» **REQUIRED ACTION**
Below are records; extract exactly the lines from the one with "BMW X3 2019" through the final line, including both, but drop the pictures.

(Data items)
☆ ☆ ☆ ☆ ☆

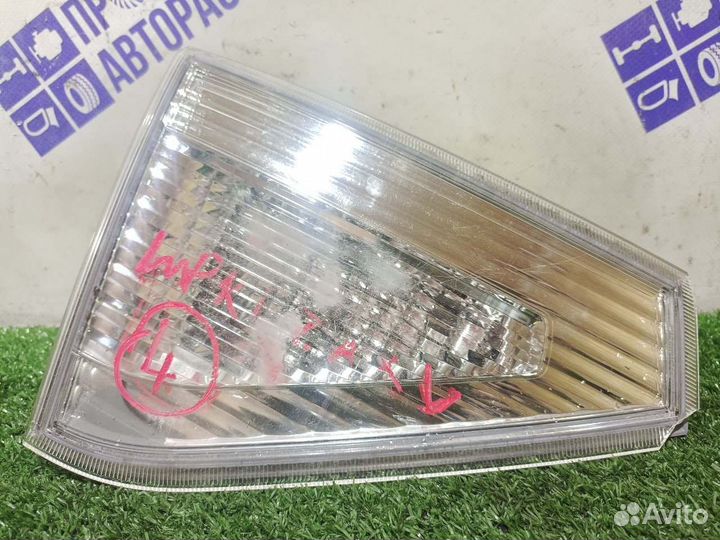 Фонарь задний левый Subaru Impreza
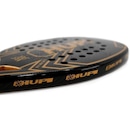 Raquete de Beach Tennis Hupi Carbon Elite 3K Pro 4.0 - Foto 6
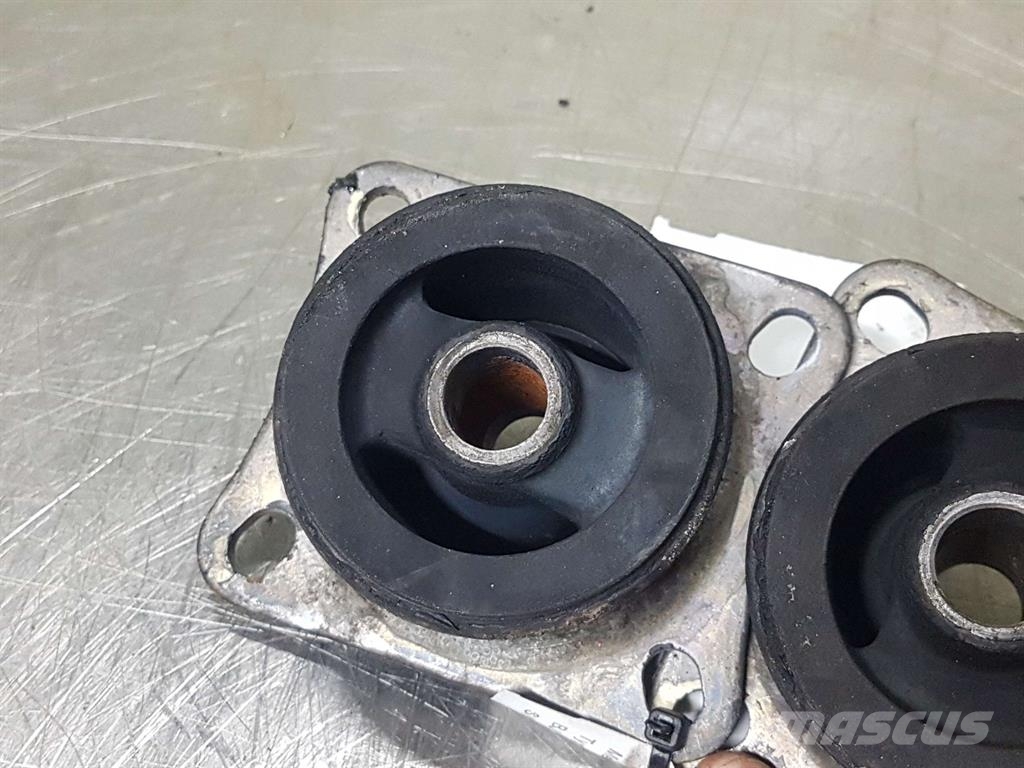 Yanmar V70 Speeder-AMC-Vibration damper/Vibrationsdämpfer Motorer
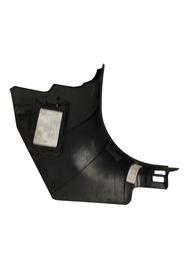 ACABAMENTO SOLEIRA DIANTEIRA ESQUERDA NISSAN KICKS 2016 A 21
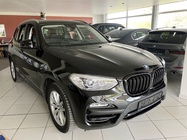 BMW X3 2019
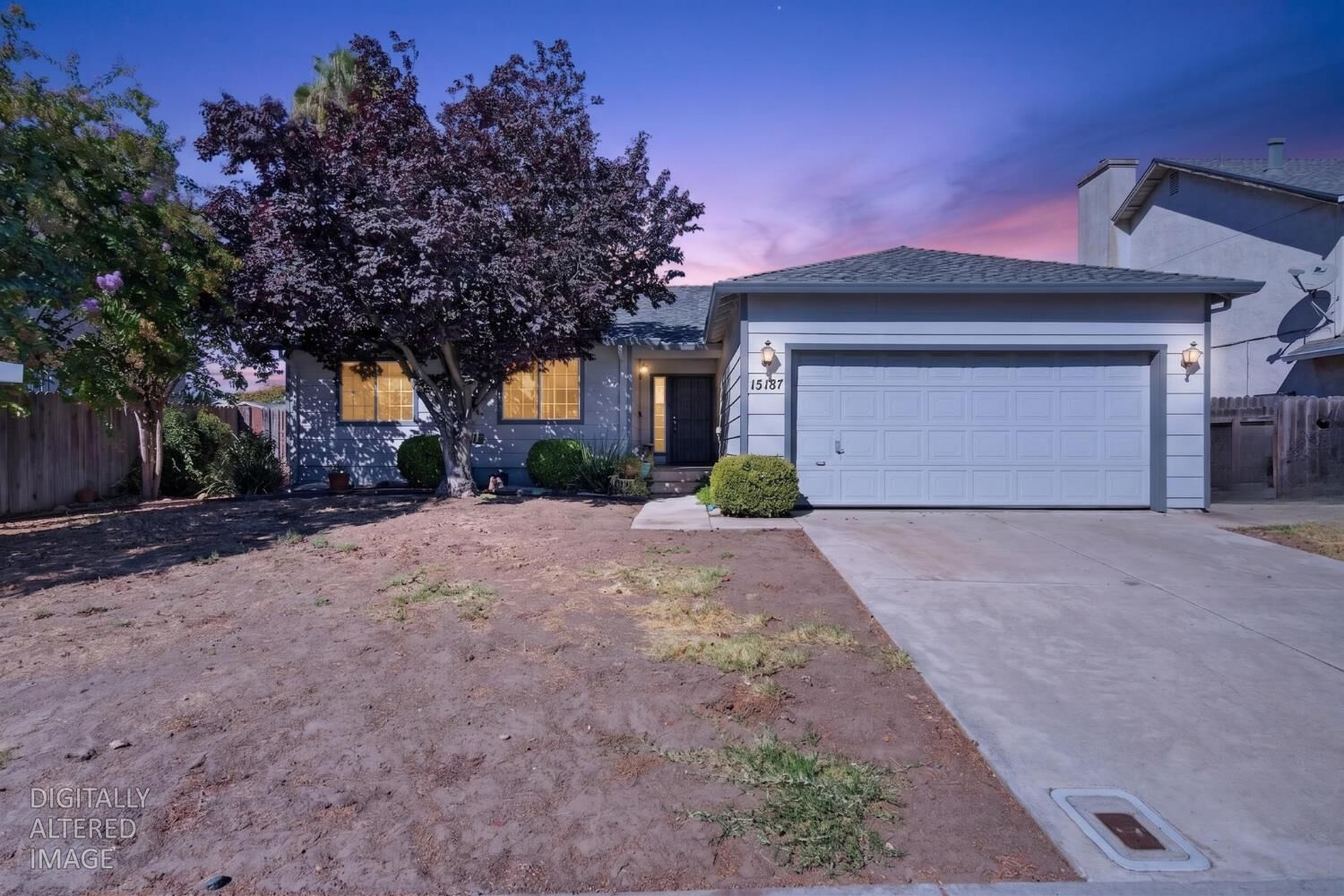 Property Photo:  15187 Avon Street  CA 95336 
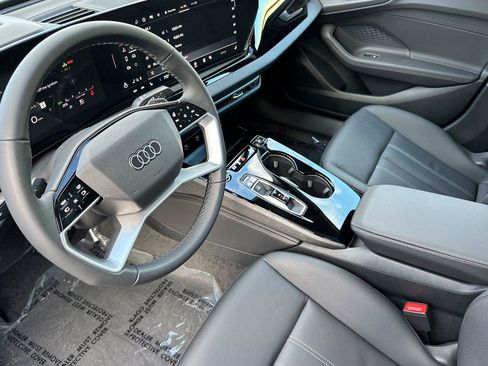 New 2025 Audi A5 2.0T Premium Plus image 9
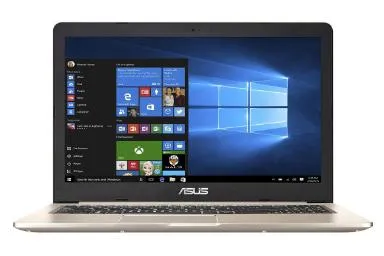 Image Asus Vivobook Pro 15 N580Vd Core I5 12Gb 1Tb 4Gb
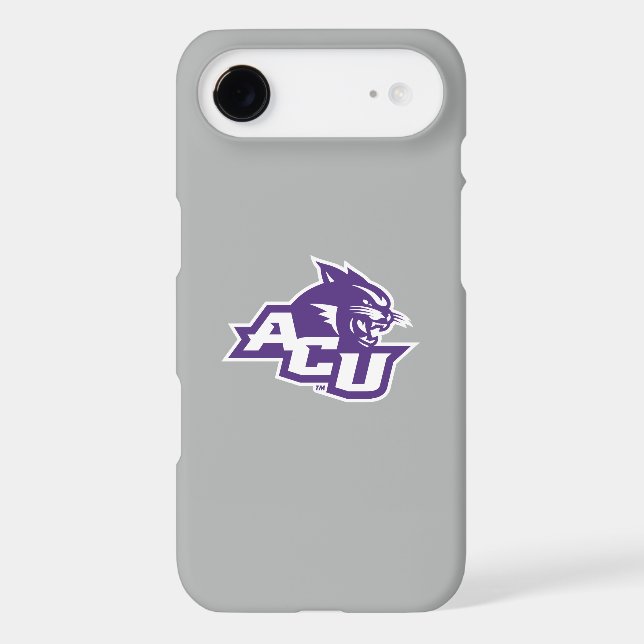 ACU Primary Logo Case-Mate Samsung Galaxy Case (Back)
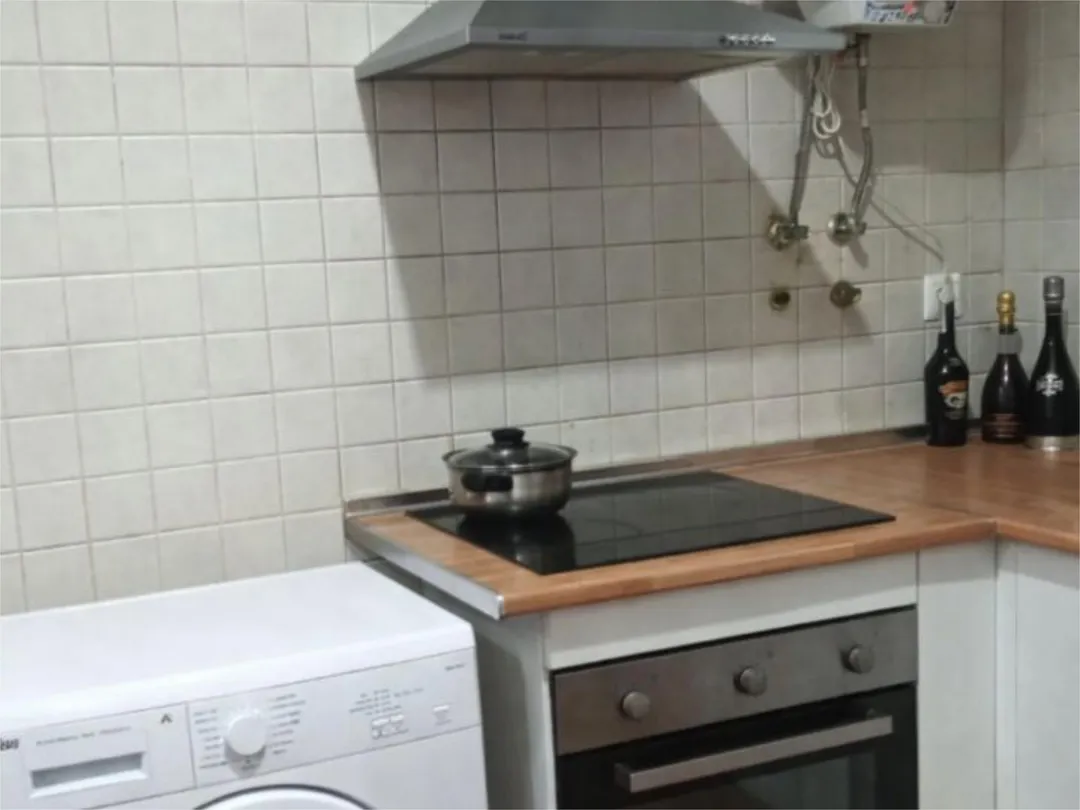 Piso en  Calle Clavel 14 - Foto 3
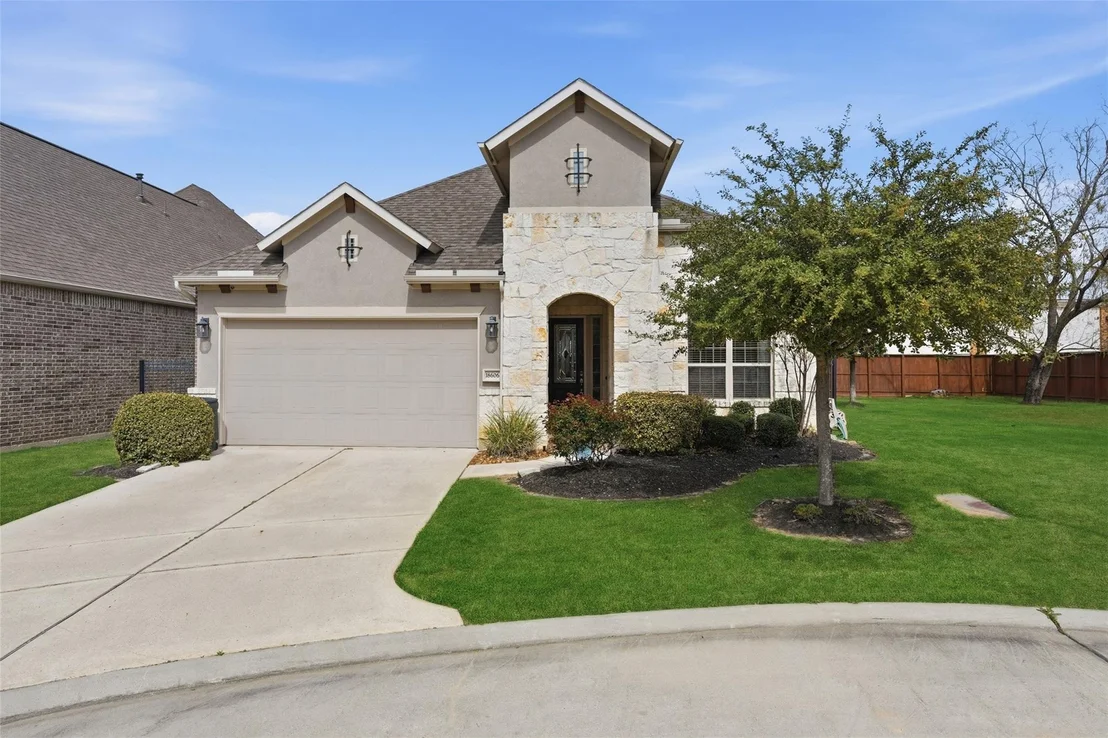 Photo of 18606 Copano Lane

☆ ☆ ☆ ☆ ☆

» **RESULT**
 BMW X3 2019
 Property Photo:  15187 Avon Street  CA 95336 
 New 2025 Audi A5 2.0T Premium Plus image 9
 Image Asus Vivobook Pro 15 N580Vd Core I5 12Gb 1Tb 4Gb
 ACU Primary Logo Case-Mate Samsung Galaxy Case (Back)
 Piso en  Calle Clavel 14 - Foto 3
 Photo of 18606 Copano Lane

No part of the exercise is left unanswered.